5. Most ACP countries have continuously resisted the idea of reciprocity. There has been a very strong basis for this position. The evidence of impact assessment studies undertaken at national, regional and continental level by the Economic Commission for Africa has indicated that this approach would result in serious adverse consequences, such as job losses, closure of industries or deindustrialisation, loss of revenue, and would disorganise the economic integration process underway in the ACP regions. These findings have been corroborated by other independent studies carried out by research organisations and even impact assessments that some countries have undertaken.
6. The four negotiating groups of Africa are the following: SADC, ESA/ COMESA, CEMAC, and ECOWAS/ UEMOA. It should immediately be pointed out that the membership in these EPA negotiating groups is not exactly the same as the membership of the regional economic communities known by these names.
7. The SADC EPA group is not made up of all member states of the regional economic community called SADC. The SADC EPA group is made up of Botswana, Namibia, Lesotho, Swaziland (BNLS); as well as Mozambique, Angola, and Tanzania (MAT) – sometimes referred to as BNLS and MAT countries. (BNLS are in the SACU together with South Africa, while MAT countries are LDCs.) South Africa participates in the SADC EPA group as an observer. Other member states of SADC are in the COMESA EPA group, which is known as the Eastern and Southern Africa group (the ESA group). These SADC members that are also in COMESA and have joined the ESA Group include Malawi, Mauritius, Madagascar, Zambia, and Zimbabwe. It can be pointed out that Congo DRC has recently joined the CEMAC EPA group; it is a member also of the SADC and COMESA regional economic communities.

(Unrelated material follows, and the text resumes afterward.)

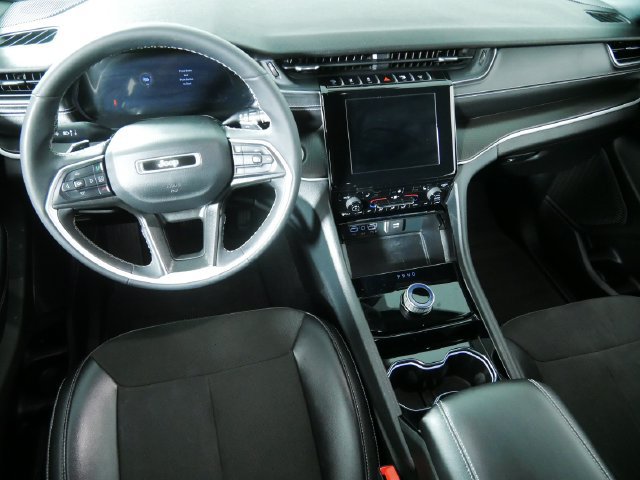 Certified 2023 Jeep Grand Cherokee Altitude AWD/4WD image 4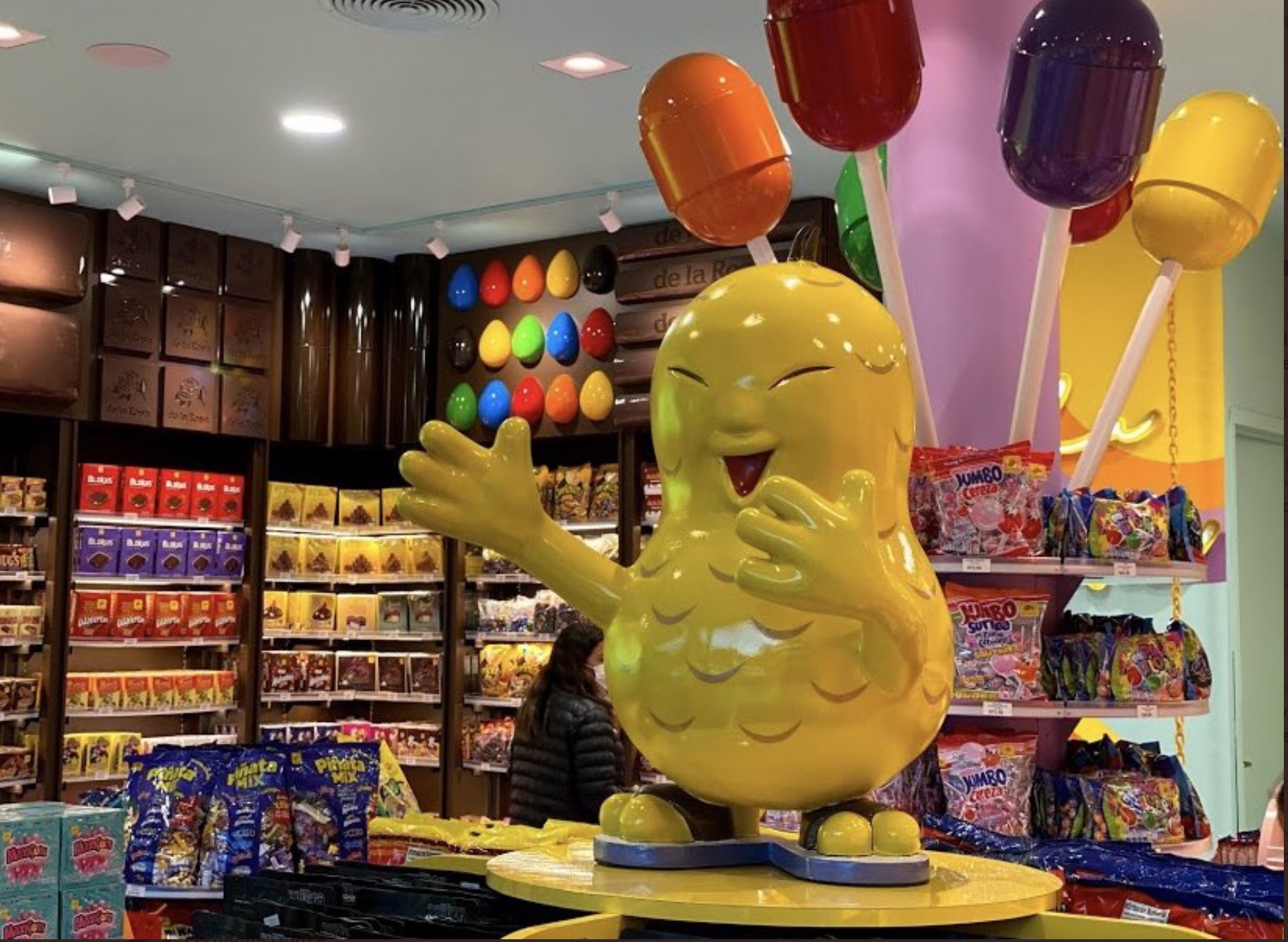 ¡Candy Alert! De La Rosa nos enloquece con su tienda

8. At the same time, some members of COMESA are not negotiating the EPAs; namely, Egypt and Libya. Egypt already has an association agreement with the EU – under the Euro-med agreements between countries around the Mediterranean and the EU – under which a free trade area is to be gradually formed between Egypt and the EU. The other countries of North Africa also have association agreements with the EU.

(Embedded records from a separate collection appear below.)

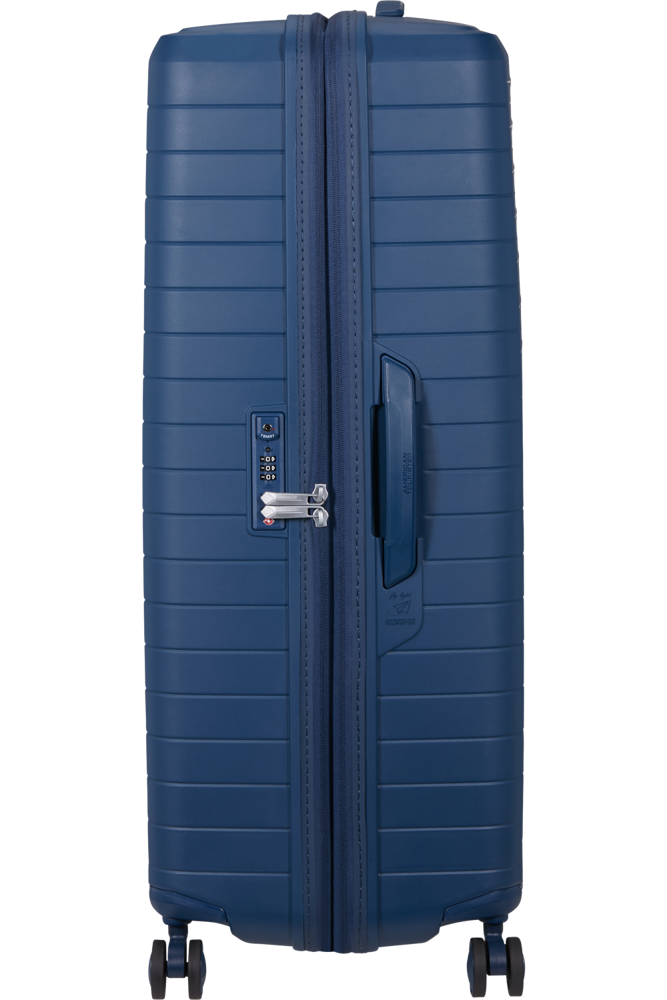 American Tourister Fastforward Spinner 83/31 TSA EXP.
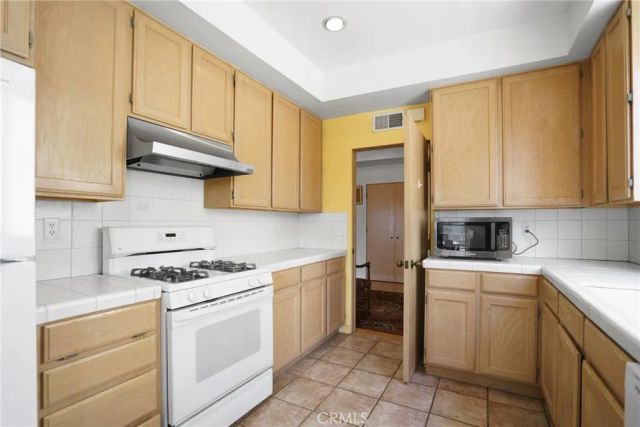 4454 Ventura Canyon 105, Sherman Oaks, CA 91423
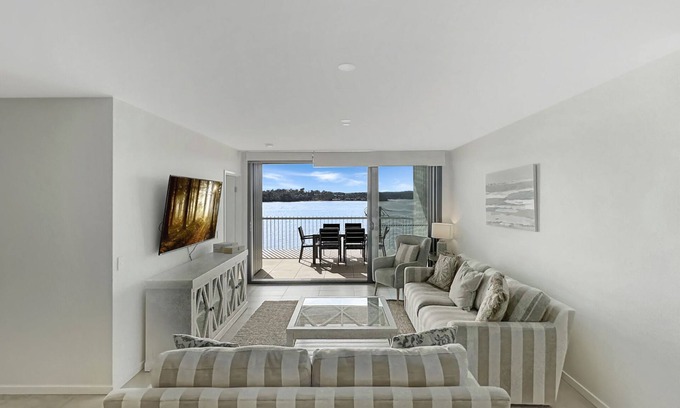 Batemans Bay Apartment | Elegantly Spacious 3-Bed Unit Overlooking the Bay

9. The existence of an FTA between South Africa and the EU and one between Egypt and the EU raises serious issues if SADC and ESA EPAs are to be based on a customs union approach. The level of flexibility in the South African FTA with Europe is more limited than what the LDC countries negotiating under SADC would expect. In the same vein, the sensitive products identified by Egypt in its FTA are also likely to have consequences on the structure of the common external tariff that ESA countries present in their EPA with the EU. This highlights the important issue of how the EPA configurations will affect the integration agenda of Africa.

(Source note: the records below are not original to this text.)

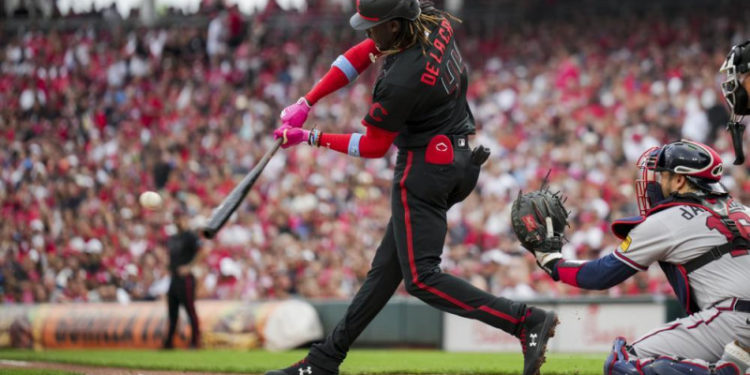 ¡Elly De La Cruz consigue primer ciclo con Rojos desde 1989!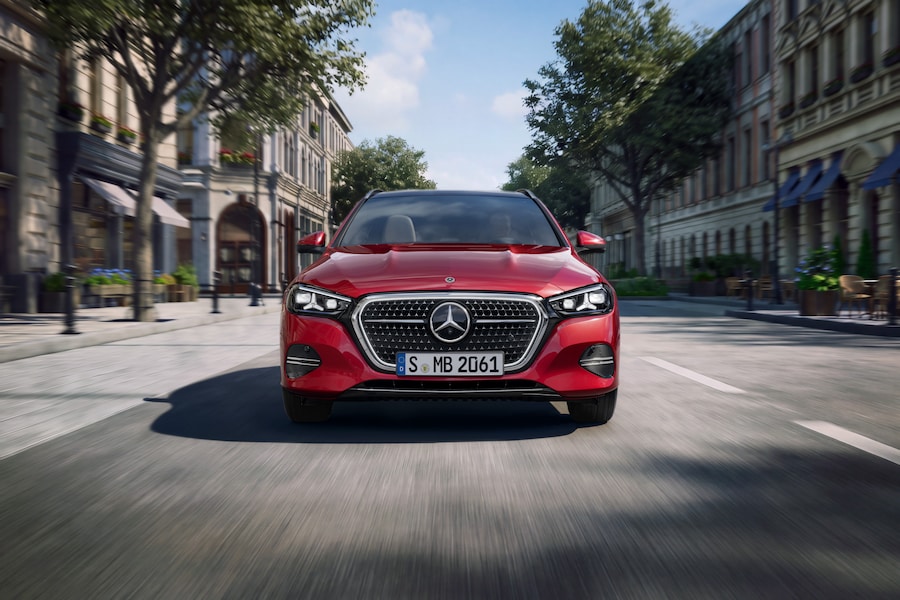  (Mercedes-Benz AG)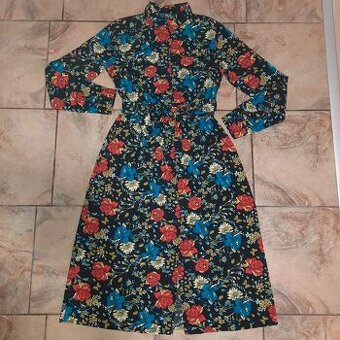 Vintage / boho šaty so vzorom kvetov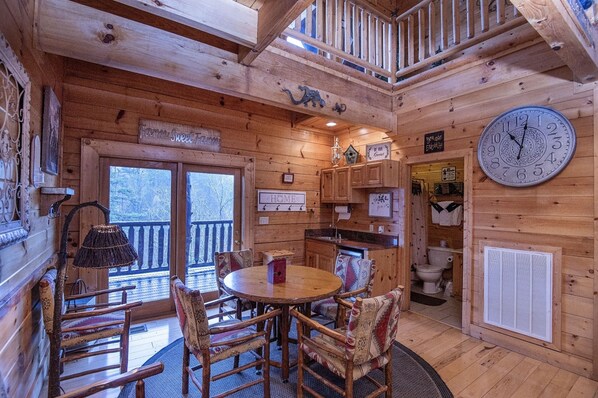 Cabane, plusieurs chambres | Restauration
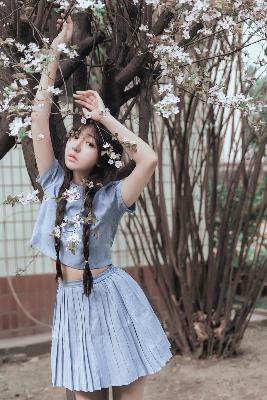 免费B站看大片真人直播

10. In Central Africa, CEMAC rather than ECCAS is the negotiating group. The Banjul Summit Decision on RECs designated ECCAS as the regional economic community for Central Africa. In this regard, there could be merit in considering much closer unity between CEMAC and ECCAS in the context of regional integration in Africa and the EPAs. The CEMAC group is entering a free trade area with Sao Tome and Principe in order to include this country in the CEMAC
11. In West Africa, UEMOA and ECOWAS – ECOWAS being the regional economic community that the Banjul Summit designated for West Africa – have formed the ECOWAS EPA group. The ECOWAS secretariat/ commission services the EPA negotiations but UEMOA also participates. The ECOWAS regional economic community has agreed to work towards adopting the UEMOA common external tariff, so that the two communities can negotiate the EPA from a common stand point on customs duties. There is merit also for ECOWAS and UEMOA to consider their much closer unity.